*Problem requirements*.
Print every record exactly as it appears. Leave the pictures out.

*Dataset extract*.
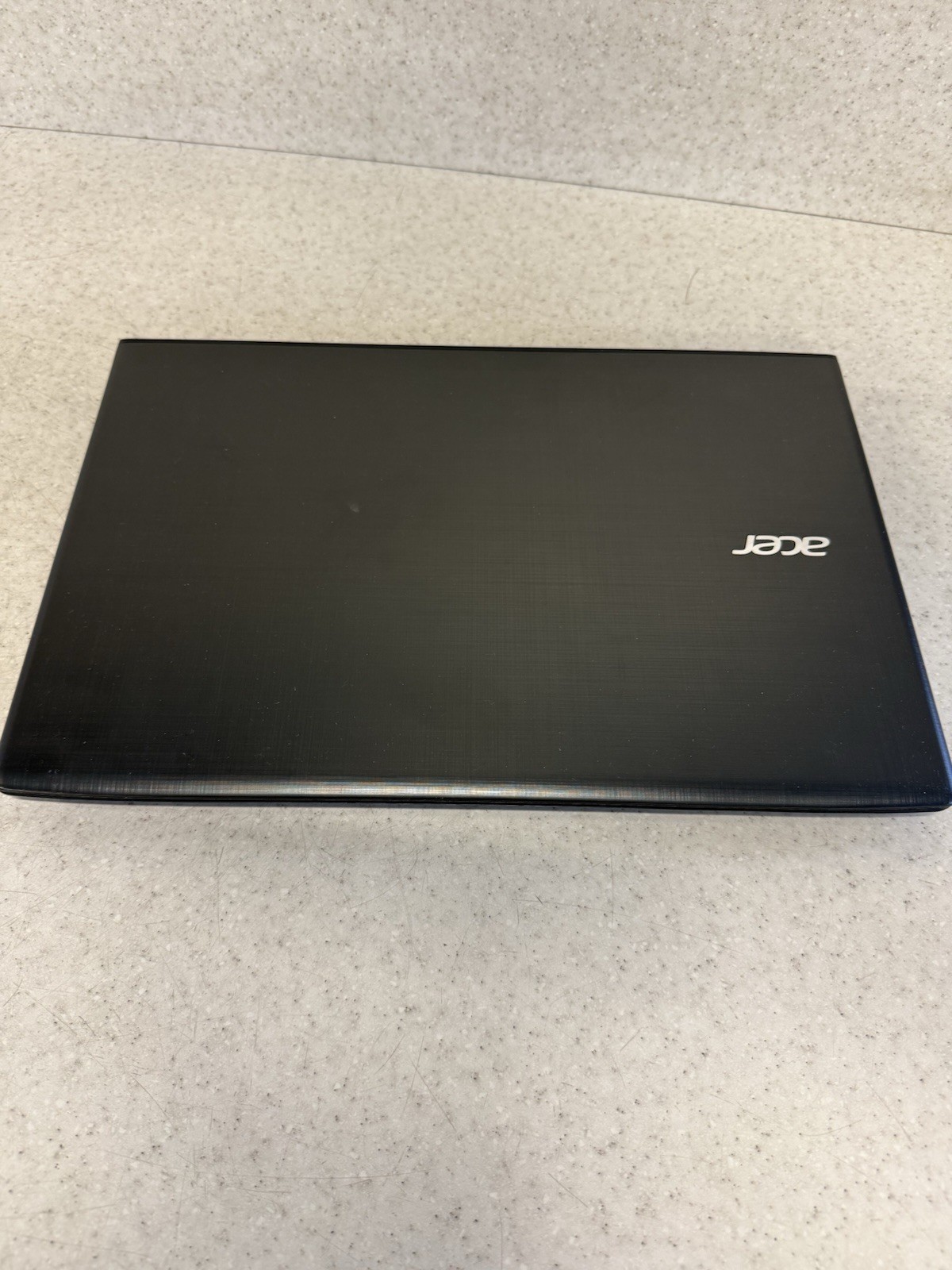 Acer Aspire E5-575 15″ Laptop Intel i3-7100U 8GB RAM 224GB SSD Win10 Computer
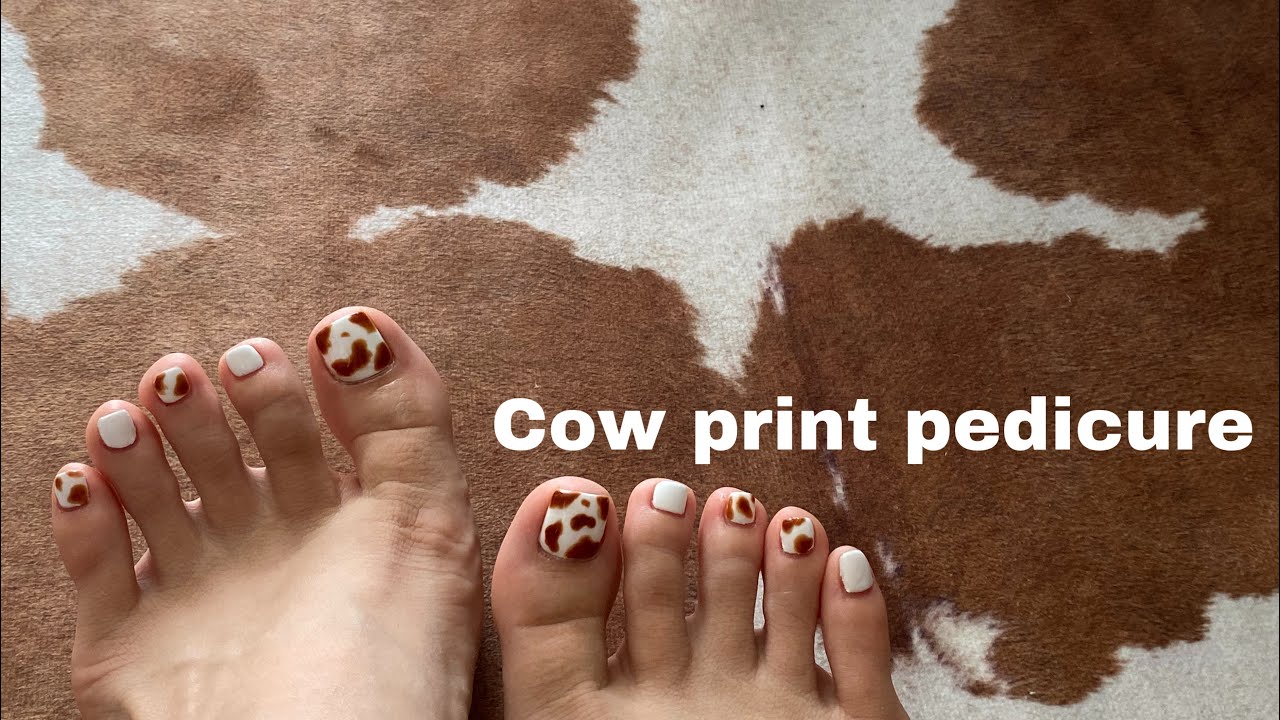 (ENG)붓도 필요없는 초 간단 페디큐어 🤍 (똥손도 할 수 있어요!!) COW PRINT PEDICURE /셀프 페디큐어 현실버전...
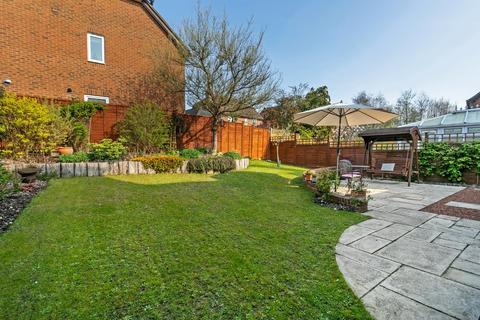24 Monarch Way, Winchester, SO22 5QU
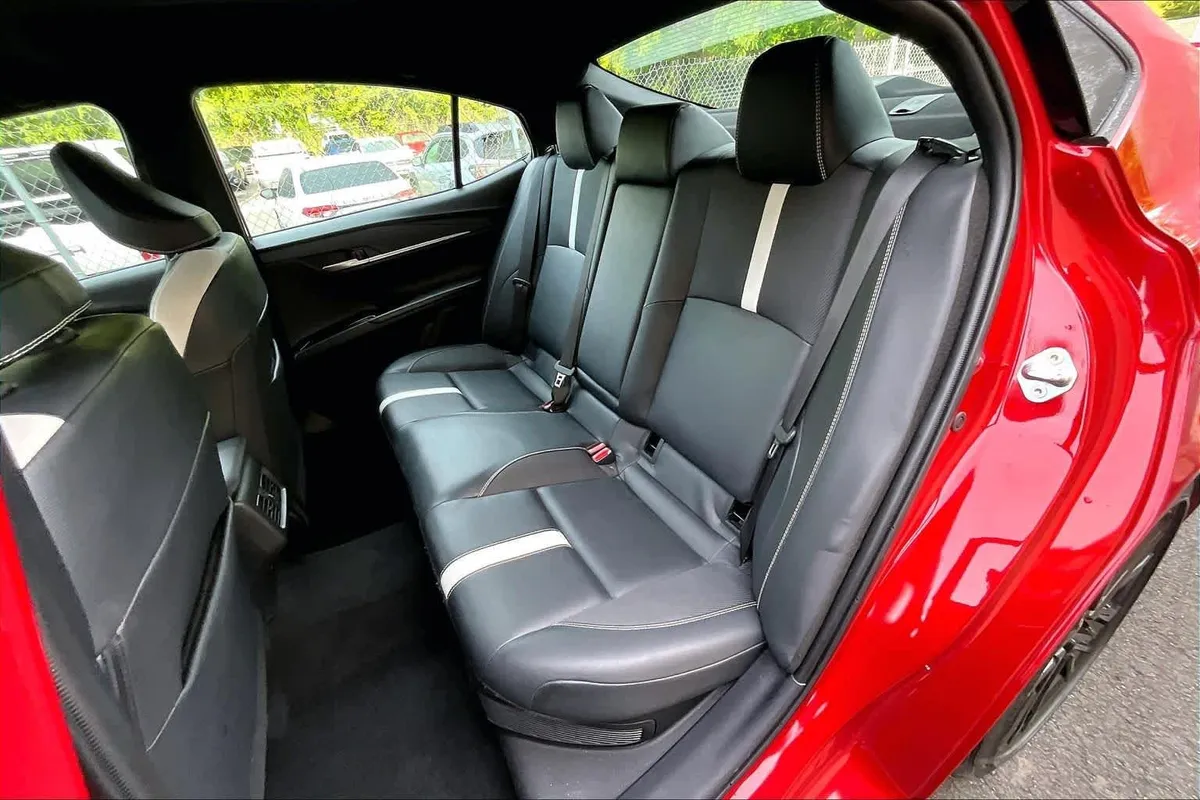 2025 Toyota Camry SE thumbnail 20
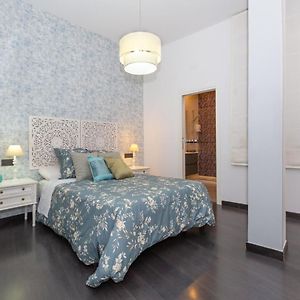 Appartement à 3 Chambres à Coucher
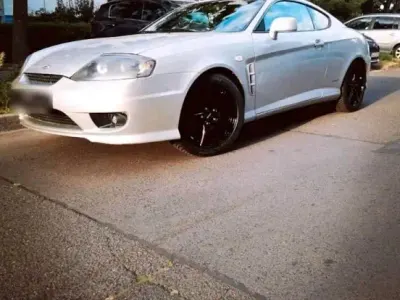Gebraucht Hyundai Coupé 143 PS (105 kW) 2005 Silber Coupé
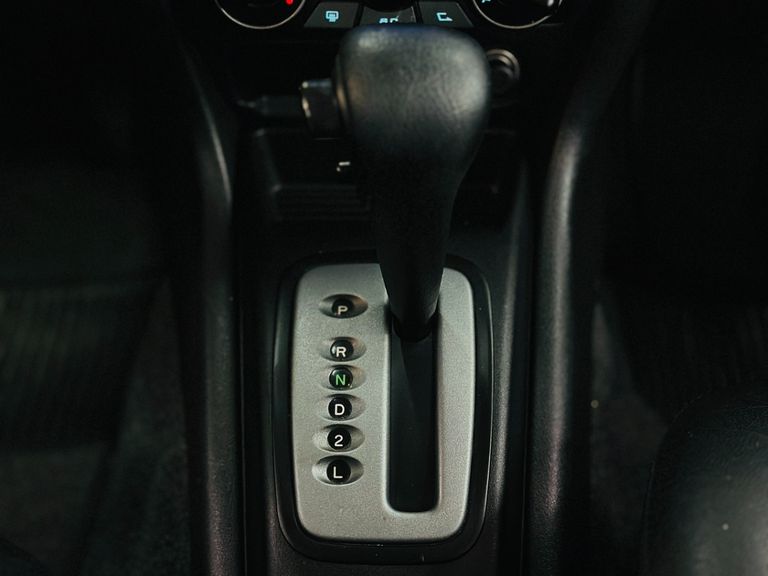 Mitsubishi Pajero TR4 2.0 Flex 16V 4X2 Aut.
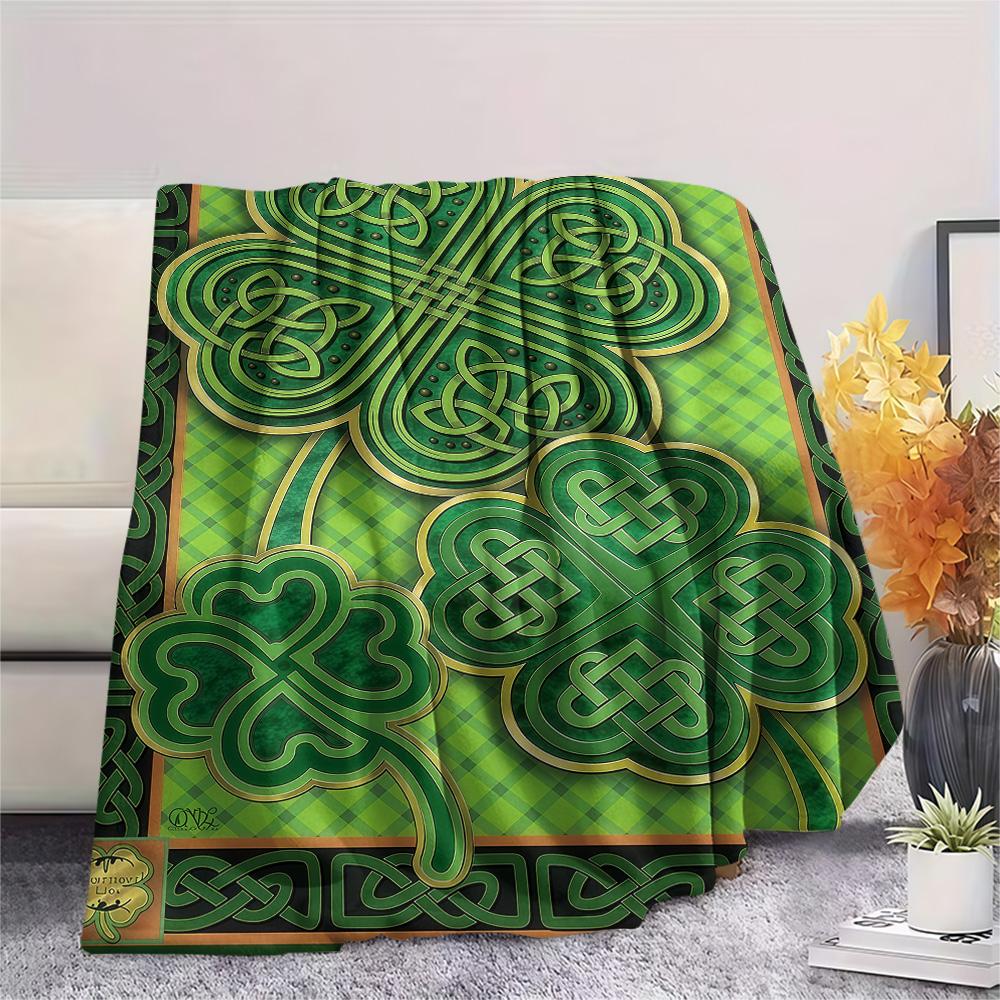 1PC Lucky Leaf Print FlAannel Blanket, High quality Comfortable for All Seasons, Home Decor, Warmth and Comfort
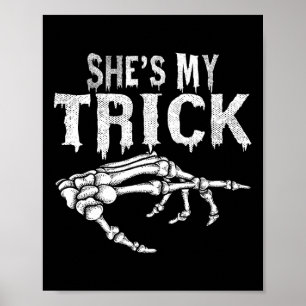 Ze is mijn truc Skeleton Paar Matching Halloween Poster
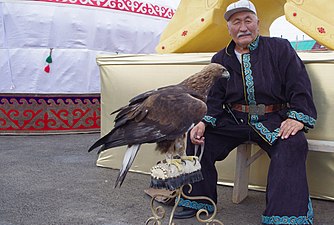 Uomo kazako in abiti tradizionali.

*Finished task*.
 Acer Aspire E5-575 15″ Laptop Intel i3-7100U 8GB RAM 224GB SSD Win10 Computer
 (ENG)붓도 필요없는 초 간단 페디큐어 🤍 (똥손도 할 수 있어요!!) COW PRINT PEDICURE /셀프 페디큐어 현실버전...
24 Monarch Way, Winchester, SO22 5QU
 2025 Toyota Camry SE thumbnail 20
 Appartement à 3 Chambres à Coucher
Gebraucht Hyundai Coupé 143 PS (105 kW) 2005 Silber Coupé
 Mitsubishi Pajero TR4 2.0 Flex 16V 4X2 Aut.
 1PC Lucky Leaf Print FlAannel Blanket, High quality Comfortable for All Seasons, Home Decor, Warmth and Comfort
 Ze is mijn truc Skeleton Paar Matching Halloween Poster
 Uomo kazako in abiti tradizionali.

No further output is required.